I think this is an excellent idea. (I'm not volunteering, because I don't
know enough about the practice of SGML.) It's not as bad as perhaps came
over. I can hack my own stuff easily enough.
As is clear I represent the untested market which is (obviously) less well
understood. That has to involve "Moving from HTML to XML", and I have
started to try to address that.
> Befor we consider changing the design based on one person's reaction we
> should first understand the nature of the reaction which the wg list
> did. Then, we should consider if this case is compatible with the
> design goals.
> As I recall Peter's initial dismay/confusion, it was that he would have
> to make changes, not the nature of them. The design never assumed that
> existing SGML applications would be XML complient, just that it would be
> straight forward to make the application complient.

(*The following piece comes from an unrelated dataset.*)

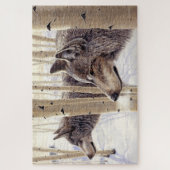 Unter den Aspens Two Wolves in Winter Snow Art Puzzle (Vertikal)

If it helps, the problem was not that I had to make changes to my own
material - I'd expected that. (I had a little whinge about having to
change all the PUBLIC ENTITYs since that was an issue at the time and it
seemed (and still does) unnecessary to remove them.) The problem was
that it suddenly dawned that the whole of the standard existing SGML
components were incompatible, and I got the impression (wrongly)
that this had not been thought about.
> Since Peter's case is not really what we were designing for, then we
> should consider how XML is described and what types of support various
> audiences will need. Here, Peter's case has really helped. Not only
> should the nature of the transform be described, there needs to be work
> with various vendors and standards bodies to address the issues with
This is the key point. It's perfectly possible for Jane and Joe Doe to
hack ISO12083 or 12200 or whatever and use it in privacy. It's a different
matter when someone uses components which belong to someone else and
which cannot interoperate however had you try and code round. For example,
my DTDs include HTML2.0, and I asked Dan Connolly's permission (as author)
to distribute it, and it was (of course) willingly given. However Dan
wasn't at that stage clear what the precise copyright position was on
HTML2.0. I cannot imagine getting a speedy response back from any standards
body to the question "please can I make some (apparently minor) adjustments
to your DTD". I work with (chemical) standards bodies and I would not
contemplate editing any DTD and redistributing it. So the suggestion was
mainly to get round the legal position by using the standard components.
[I would also suggest that thought be given as to how an XML file identifies
itself. If you have (say) two HTML2.0 DTDs (one 'SGML' and the other 'XML'),
how do you know which is which? (apart from grepping for asterisks). Are
they going to have a PI something like <?XML?> just to alert any software?
And do they share the same FPI?]
Peter Murray-Rust, domestic net connection
Virtual School of Molecular Sciences